Lewis and his 17-year-old brother Henry, who plays drums, might look like Vikings but are of Ngati Pikiāo and Ngati Raukawa descent and attended a full immersion kura kaupapa Māori (Māori language school) until they were seven years old, where singing waiata and performing haka were a daily routine.
Their song is about land confiscations by the colonial government. “We were drawn to thrash metal because it’s quite complex music, and it is a great vehicle for expressing real stories and emotions,” says Lewis.
“It also works with Te Reo Māori,” adds Henry. “Both the musical style and the messages have a lot of similarities with haka, which is often brutal, angry and about stories of great courage or loss.”
History is also the starting point for ‘Atua Whiwhio’ by Kingi Kiriona, a tutor and co-founder of the Waikato kapa haka group Te Iti Kahurangi. His song tells of Te Kooti Rikirangi’s prophecy about a whistling god which came in the form of a steam train, and combines elements of haka, poi and rap.

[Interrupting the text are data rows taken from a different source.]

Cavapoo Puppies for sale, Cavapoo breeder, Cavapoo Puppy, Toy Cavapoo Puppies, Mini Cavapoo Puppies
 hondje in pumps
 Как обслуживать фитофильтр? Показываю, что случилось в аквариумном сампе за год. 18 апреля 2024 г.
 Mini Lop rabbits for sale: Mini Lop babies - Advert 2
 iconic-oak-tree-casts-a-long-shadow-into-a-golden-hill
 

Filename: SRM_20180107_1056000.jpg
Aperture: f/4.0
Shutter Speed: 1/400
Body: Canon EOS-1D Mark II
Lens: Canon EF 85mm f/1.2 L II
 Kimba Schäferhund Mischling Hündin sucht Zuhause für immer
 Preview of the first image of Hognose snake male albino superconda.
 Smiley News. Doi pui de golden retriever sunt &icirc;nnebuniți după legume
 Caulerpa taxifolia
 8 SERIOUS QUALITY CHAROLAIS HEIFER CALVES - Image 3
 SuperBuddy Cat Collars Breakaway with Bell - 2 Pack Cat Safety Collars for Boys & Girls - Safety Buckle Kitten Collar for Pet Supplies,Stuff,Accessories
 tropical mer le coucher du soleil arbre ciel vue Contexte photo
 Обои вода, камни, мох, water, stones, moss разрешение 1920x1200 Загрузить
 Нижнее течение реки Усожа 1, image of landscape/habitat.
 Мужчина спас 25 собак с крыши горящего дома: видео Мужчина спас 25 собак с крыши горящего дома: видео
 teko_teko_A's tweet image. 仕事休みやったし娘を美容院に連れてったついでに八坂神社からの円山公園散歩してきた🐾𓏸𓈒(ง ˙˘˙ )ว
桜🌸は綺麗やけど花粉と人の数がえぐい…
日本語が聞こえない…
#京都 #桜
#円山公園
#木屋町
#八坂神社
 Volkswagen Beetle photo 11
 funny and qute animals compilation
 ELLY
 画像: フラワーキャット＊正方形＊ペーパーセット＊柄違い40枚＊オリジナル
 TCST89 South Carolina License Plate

“It’s been thirty years since a kapa haka troop has released a song that’s made it on mainstream airwaves,” says Kiriona. “It would be awesome to have another song like ‘Poi E’ playing in the nightclubs or on mainstream radio with a wider audience listening to it.”
Soulful East Coast singer-songwriter Maisey Rika is the only Maioha finalist this year who has been a previous winner. In 2013 Rika, who has performed extensively in Asia, Britain and the United States, shared the award with co-writers Mahuia Bridgman-Cooper and Te Kahautu Maxwell for their song ‘Ruaimoko’. Her song ‘Taku Mana’ is from her latest album Tira, which includes cameos from Rob Ruha, Hinewhi Mohi and the Modern Māori Quartet.
Also just announced are the finalists for the 2017 SOUNZ Contemporary Award, APRA Best Original Music In A Film Award and APRA Best Original Music In A Series Award.
The SOUNZ Contemporary Award celebrates excellence in contemporary composition. This year’s finalists are Jeroen Speak for Serendipity Fields, Chris Gendall for Incident Tableaux Part One, and Salina Fisher for Torino – echoes on putorino improvisations by Rob Thorne. Speak’s entry Serendipity Fields was premiered last year by NZ Trio.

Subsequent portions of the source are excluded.